At OneVision, we work with IT leaders who are building Digital Transformation and ERP strategies that are gamechangers. Let’s look at a few strategies used by top IT leaders that can have a real impact on shareholder value. We find that these strategies are enabled when IT has visibility into business and operational efficiencies. The right ERP and EPM platforms offer advantages for the IT decision maker. Let’s take a look at some key areas to improve with steps to get started on the right track and come out of the gate quickly. These areas of opportunity can transform perception of IT to truly being a profitability center that resonates across organizational lines.
Start with alignment.
IT that is not aligned to the business goals and priorities are in essence a cost center. This is not where you want your IT department to be cornered, so spend adequate time understanding how to pivot. The benefit of alignment cannot be over stated. In fact, major ERP/EPM projects start with a clear charter that institute this philosophy. You may use a major project such as this to get started, but do not stop there. The on-going exercise creates synergy and dialog needed to address real business challenges with innovative solutions. This level of connection with the business creates accountability on both sides of the table, since it forces clarification of objectives and vision. Consider these steps:
- Assess current project load and eliminate those projects without clear alignment. Don’t waste time holding onto shiny objects just because they may seem cool on the technology front. If they don’t produce a tangible business outcome, it’s probably not worth the time.
- Re-scope qualified initiatives. Now that there is better clarity into the business, it’s wise to reassess the requirements and objectives that yield success.
- Demand business level sponsorship. Make no mistake, IT supports the business and their goals. Without a business, IT is not necessary. To that end, accountable IT leaders rally the support of business sponsors to each qualified project. Creating this joint responsibility can have tremendous residual effects to ensure projects are seen to fruition.
The execution of IT initiatives is essential to creating profitability. The lack of implementation process, structure and leadership quickly erodes any gains made by alignment. When IT projects are prolonged, they create more cost and the lingering stigma of the “IT Cost Center” become more frequent discussion in and out of the board room. This perception is hard to defeat once it sets in, so IT leaders should embrace a strong strategy that combats inefficiencies in the department and overall execution of IT delivery. Here are a few ideas to kick-start efficiency.
- Start with end user-facing departments and ensure they have simple and effective processes. The helpdesk is a great place to spend time since many users interact with them and good and bad news around service travels quickly.
- Build a strong PMO. The project management office is where even the best IT initiatives can stall and die. Be sure that your project portfolio can be managed with the right ERP systems and processes. They will help to evaluate the project selection process, implementation methodology and track metrics to identify potential issues.

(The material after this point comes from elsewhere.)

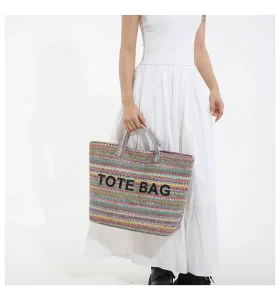 Luxury Summer Women’s Rattan Straw Bag Rainbow Striped Zipper Embroidery Solid Color Pattern Open Beach Tote Shoulder Bag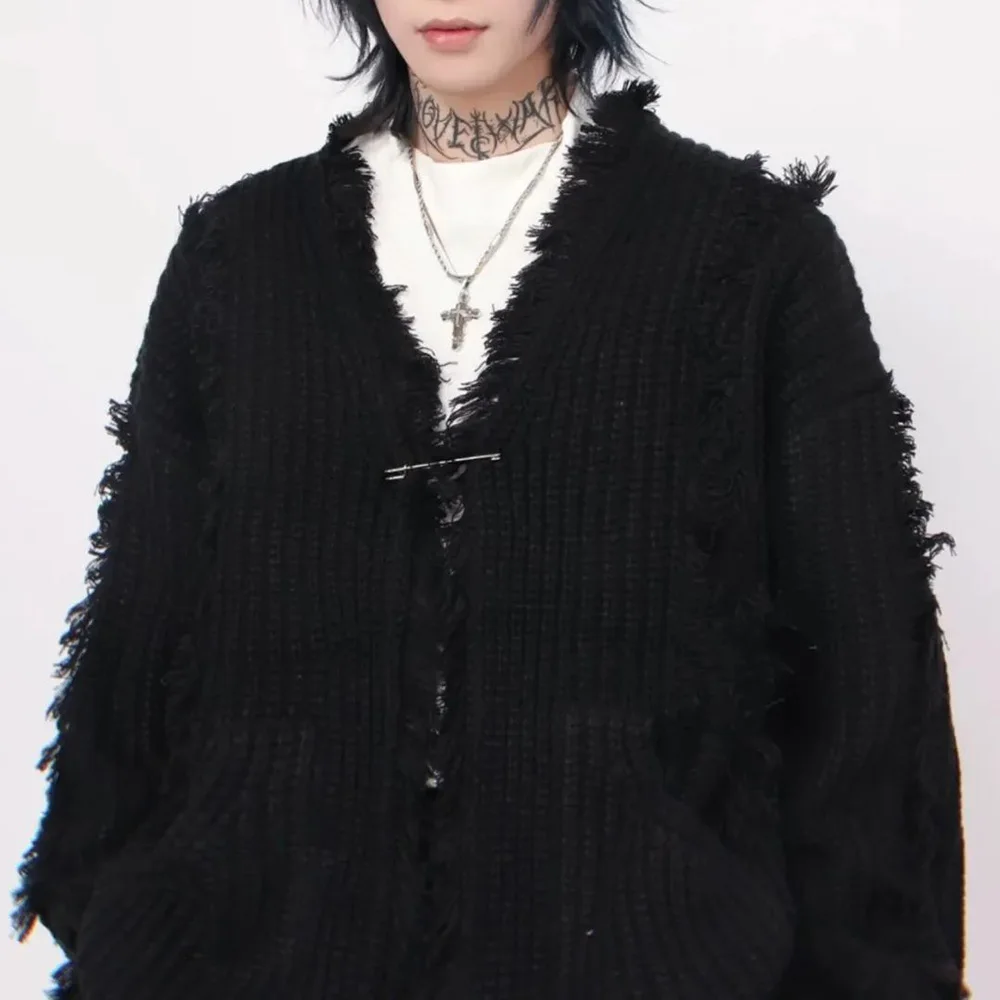 Y2k Mens Sweater Irregular Tassel Design Knitted Jacket Autumn Casual Versatile Atmosphere Solid Color Top Men\'s Clothing Unisex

- Avoid getting into “Technical Debt”. Choose supportable, scalable and robust IT delivery platforms that prevent end-user frustration and IT involvement. At the same time, avoid over customization with easy programming fixes just to kick-start a large system, such as an ERP rollout. These quick fixes tend to create “debt” within your implementation, which will drain IT over time since it requires costly rework. Select systems with a proven track record, a reputation for great vendor support and have transferable skills to today’s workforce.

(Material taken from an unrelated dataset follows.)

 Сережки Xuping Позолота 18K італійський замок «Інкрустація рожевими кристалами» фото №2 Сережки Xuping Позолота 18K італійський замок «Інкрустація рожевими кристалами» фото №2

Capital is precious and protected in most organizations. IT is expected to provide innovation that supports business initiatives while minimizing capital outlay. While today’s technology environments can be capital intensive, opportunities for alternative spending tactics often exist. For instance, ERP systems can be built and scaled with cloud solutions allowing minimal upfront costs. This can allow the business to optimize capital spending in areas that can yield a higher return, and positions IT as a true executive partner. Try creative and efficient spending tactics such as:
- Maximize existing assets. Before investing in new technology, take a hard look at what’s available to the organization. Is there the potential to leverage unused capabilities, or extend the usable life of an asset? Create a capital spending matrix that compares your existing technology to business requirements. This can often reveal that you have options to limit or delay net new investments in favor of more critical business needs.
- Outsource appropriate infrastructure and projects. Businesses seeking smart ways to invest capital can transfer spending to operating expenses. Several cloud infrastructure options exist, along with leasing opportunities that can drastically reduce upfront costs.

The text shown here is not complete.